Qual è l'importanza della collaborazione tra le diverse organizzazioni e istituzioni per la salvaguardia dell'Olivo della Madonna?

«Molte sono gli enti e le istituzioni coinvolte a diversi livelli nel percorso di salvaguardia della varietà a partire dall’ufficio regionale per i “Problemi Sociali, il Lavoro, la Giustizia, la Pace e la Custodia del Creato” della Conferenza Episcopale Calabra che ha accolto con grande disponibilità di accogliere l’idea che i luoghi di culto possano sostenere questa operazione che è culturale, storica oltre che religiosa. L’Archeoclub d’Italia in particolare dalla sezione vibonese dell’associazione si prodiga con entusiasmo e abnegazione nel sostenere le diverse fasi del percorso per la conoscenza e la salvaguardia della varietà presa a simbolo della incredibile biodiversità regionale che in questo caso rappresenta profondamente la cultura della regione. Nella stessa direzione si muove il Wwf regionale oltre che la sezione vibonese ed in modo altrettanto incisivo si sta muovendo la sezione crotonese di Italia Nostra tanto che la città pitagorica è al momento il capoluogo calabrese nel quale è stato messo a dimora il maggior numero di olivi della Madonna.
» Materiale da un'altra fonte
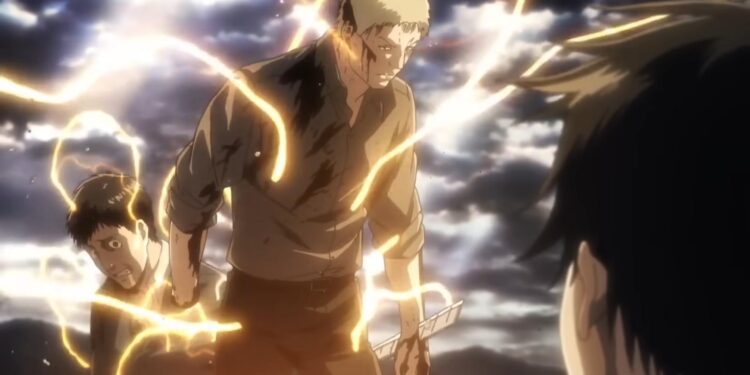 The Most Epic Attack on Titan Moments You Need to See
Il sostegno al progetto ci è giunto anche dagli Stati Uniti da dove sono giunte in Calabria Elena Valeriote, giornalista e produttrice e Claire Marie Vogel, regista del documentario White Olives of the Madonna che da tre anni lavorano sul loro progetto guardando alla varietà da oltreoceano. Niente di questo percorso/progetto avrebbe potuto essere senza l’aiuto e il sostegno di mio marito Antonio Montesanti che cura e accompagna con la sua sensibilità e intelligenza che in particolare cura la pagina facebook dedicata alla varietà (a questo link).

Importantissimo anche il sostegno di Domenico Maduli (presidente del gruppo editoriale Diemmecom) e del suo staff che in ogni fase del percorso e sempre a titolo gratuito si sono messi a disposizione con grande competenza e professionalità».

Qual è il ruolo dell'archeologia nella salvaguardia e nella valorizzazione dell'Olivo della Madonna?

«In generale lo studio dell’olivo e quindi dell’olio è da sempre una importante occasione di ricerca per l’archeologia e nel caso della prodigiosa varietà dalle bianche drupe per lo stretto legame che la stessa ha con la religione della nostra regione costituisce una grande occasione di valorizzazione delle risorse che vanno dalla grande biodiversità, all’ambiente naturale dal patrimonio paesaggistico a quello storico e architettonico della Calabria. Ricostruire il portato culturale della Leucocarpa consente di aggiungere tasselli successivi e come sempre è la maggiore conoscenza ha il presupposto fondamentale alla salvaguardia e alla valorizzazione».